In yet another aspect of the present invention, there is provided a cerebral blood oxygen monitoring system, comprising:
the above-described cerebral blood oxygen monitoring terminal electrically connected to the cerebral blood oxygen sensor.
The cerebral blood oxygen sensor comprises a fixing device, a light source array and a receiver array which are arranged on the fixing device in parallel, wherein the distance between the light source array and the receiver array is adjustable.
The light source array comprises a plurality of near infrared light sources which are sequentially arranged, the receiver array comprises a plurality of light source receivers which are sequentially arranged, and the near infrared light sources and the light source receivers are in one-to-one correspondence.

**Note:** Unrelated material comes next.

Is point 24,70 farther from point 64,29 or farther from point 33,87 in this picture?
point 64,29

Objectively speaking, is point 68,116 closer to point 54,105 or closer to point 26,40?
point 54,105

When the cerebral blood oxygen sensor detects the brain, the fixing device is clung to the forehead of the tested user, the near infrared light source on the fixing device emits near infrared light, after the near infrared light is scattered by the brain of the tested user, the light source receiver on the fixing device receives the scattered near infrared light signal, and the near infrared light signal is used for calculating the cerebral blood oxygen content of the tested user.
The present invention is not limited to the above embodiments, and various equivalent modifications and substitutions can be easily made by those skilled in the art within the technical scope of the present invention, and these modifications and substitutions are intended to be included in the scope of the present invention. Therefore, the protection scope of the invention is subject to the protection scope of the claims.